3 of my students have competed in the SkillsUSA contest in each of the last three years. I thought I recognized the picture in the first post. Folks this is seriously one of the 2 nicest shops I've ever been in in my 42 years in this business. I'm not sure how many staff members you have but I know how much work it takes to keep a shop looking that nice. You should be very proud of of it. If possible please post more pictures of the shop so we all can drool over it. Hopefully we'll be there again this summer. For those of you in the Kansas City area stop by the SkillsUSA contest. It's the first part of July. You'll see that there is serious hope for the youth of America. There are many vocations represented there. It is a REALLY big deal for vocational education. Check out the SkillsUSA website.


----------



## coolidge (Mar 4, 2014)

Okay...I want one!


----------



## jmhoying (Mar 4, 2014)

hvontres said:


> Well, my 1984 didn't have that either.... btw, what exactly does one keep back there ?????

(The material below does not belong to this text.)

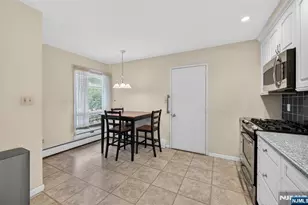 416 Bromley Pl 416C, Wyckoff Township, NJ 07481 - Photo 5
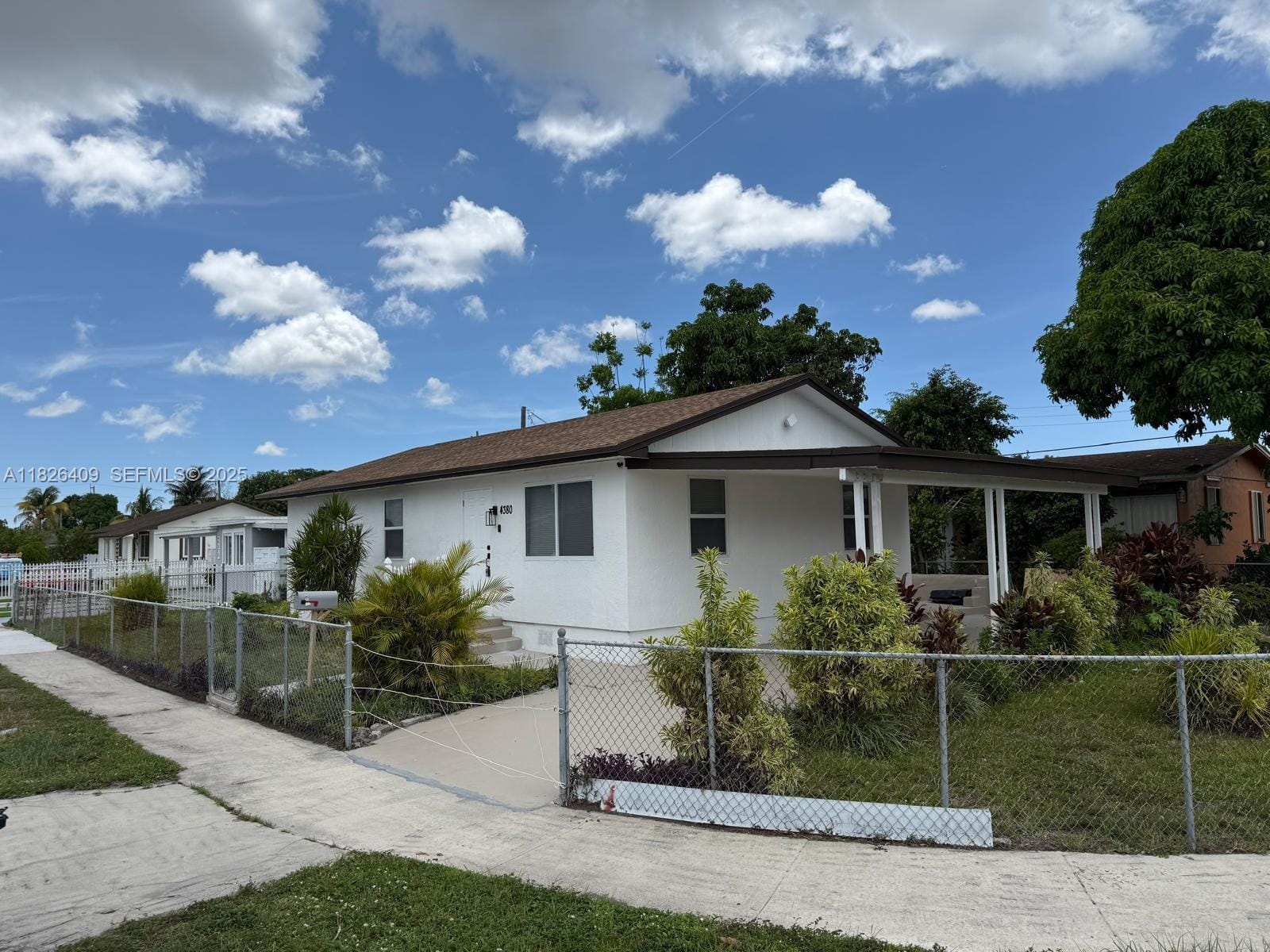 4380 NW 168th Terrace, Miami Gardens, FL 33055 photo 2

It was a joke, as I had notice the lack of a door, as the older ones I'm used to all had them.  When I bought my last one, the shop apparently used it for storage for all the extra parts for their mills.  There were 4 quill fine feed hand-wheels, three complete sets of table feed ends from when they installed power feeds, hand cranks, DRO brackets, lots of bolts, etc.

Jack


----------